Gil-Ad Schwartz


“Takes the science of writing persuasive advertising that SELLS for any product or service, and makes it simple.”

Scott Murdaugh,
Marketing Strategist
Springfield, MO


“Gil-Ad Schwartz could very easily become the next Gitomer for the Advertising world. His style brings to the forefront common sense that relates direct to profits.”

Kim Kalan,
VP Marketing & Sales
Route 29 Caramels
Golden Valley, Minnesota


“I’ve long said that the best copywriters also make great teachers, with that rare ability to make key points so clear and easy to understand -- they seem obvious... Gil-Ad Schwartz proves that point, presenting deep concepts with a practical, easy-to-grasp approach.”

Alan Carr, Author,
Carr’s Copywriting Checklist for Professional Copywriters

Why would you
listen to me?

Have you ever seen a TV show where the police bring in a “civilian consultant” to help them solve the crime?

This “civilian consultant” is almost always someone who’s unconventional… difficult to take seriously… psychologically disordered to a greater or lesser extent… and yet — despite all this — breathtakingly effective when it comes to getting results.

That’s me.

I don’t have an advertising background. I don’t have an MBA or a degree in marketing and communications. I don’t have years of experience in PR or in sales.

What I do have is Major Depressive Disorder, severe AD/HD, and an IQ of 180. I have problems with authority. I barely made it through my undergraduate degree at Oxford. I’m impulsive, I work mainly on intuition, and I hate it when people ask me to explain and justify my decisions.
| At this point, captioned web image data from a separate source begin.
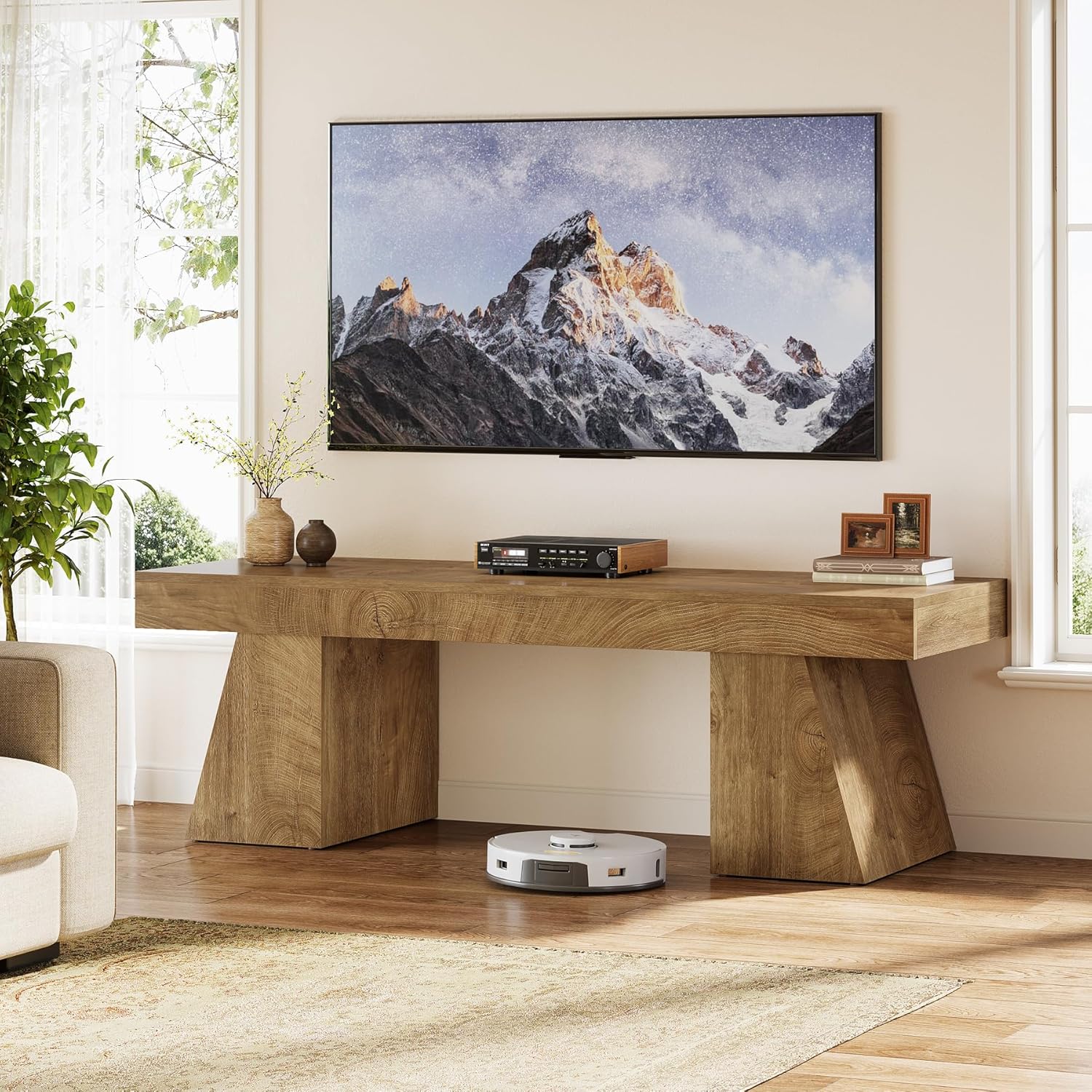 Tribesigns 63" TV Stand for 55/60/65/75-Inch TVs, Farmhouse Entertainment Center with Double Geometric Pedestal, Media Console Television Stands for Living Room, Bedroom, Natural
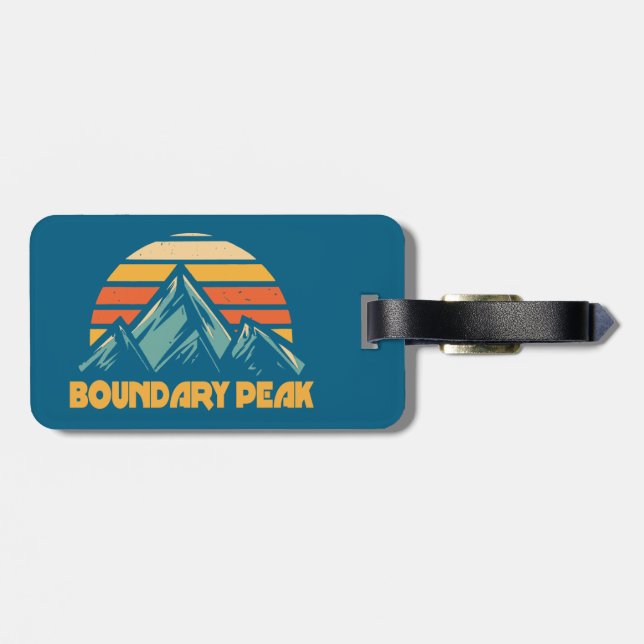 Boundary Peak Nevada Retro Turkos Bagagebricka (Baksida Vågrät)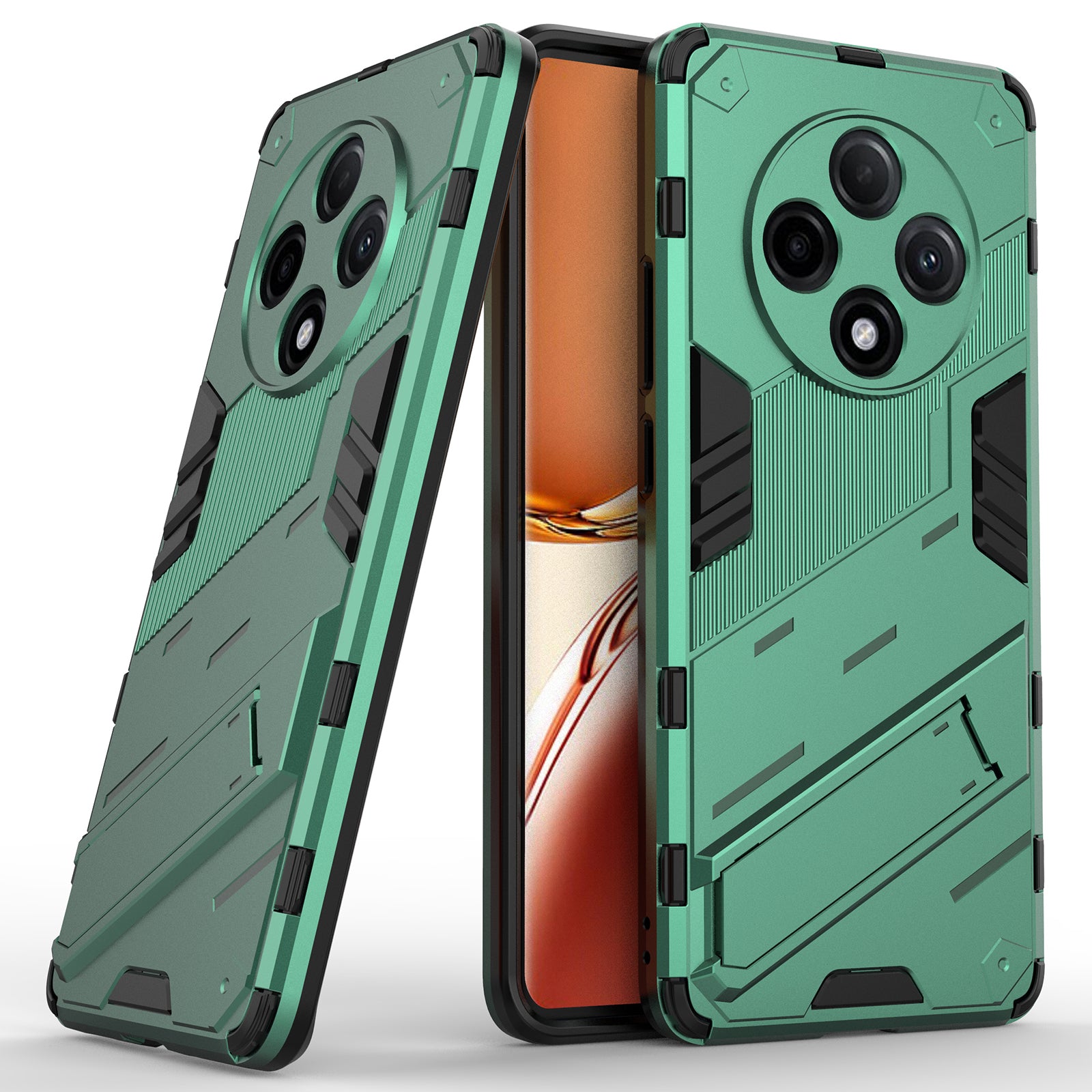 For Oppo F27 Pro+ 5G Case Kickstand Hybrid Hard PC Soft TPU Phone Cover - Green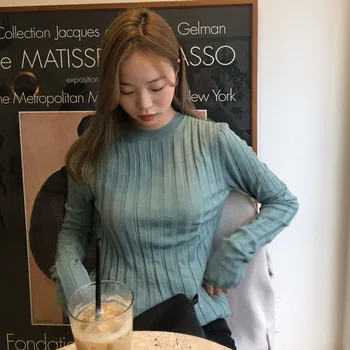 

Women Winter Sweater Turtlencek Long Sleeve Knitwear Waist Sweater Temperament Female 2019 New Sweater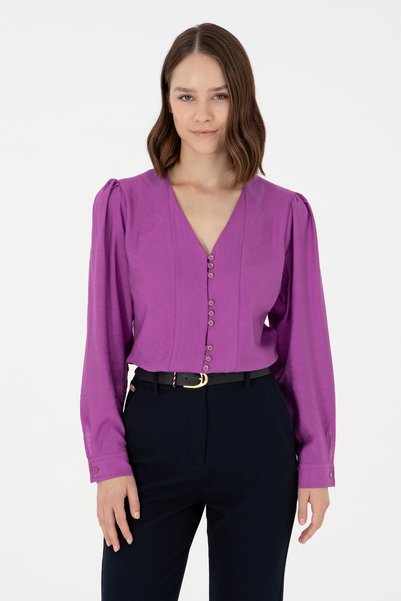 Women's Violet Long Sleeve Shirt 50292395 -Vr037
I’ll be the first to admit – it’s not the image that naturally springs to mind when you think, “I’m looking for someone I can trust with the future of my business.” I understand this. You might ask how I could possibly justify not merely offering, but also charging quasi-obscene prices for, professional advice. To answer that question, here’s a brief explanation of how I came to know what I know — my “origins story,” for want of a better term. It goes something like this:

When I was about 13, I realized I was always going to be self-employed. It wasn’t so much a decision; more of an acknowledgement of something I’d known all along — or, at least, ever since I was old enough to understand what life after school entailed. You see, I wanted control of my fate. I wanted to know that both my successes and failures were of my own making. I certainly wasn’t going to outsource that kind of responsibility to some other person, who for all I know might be apathetic or incompetent or both.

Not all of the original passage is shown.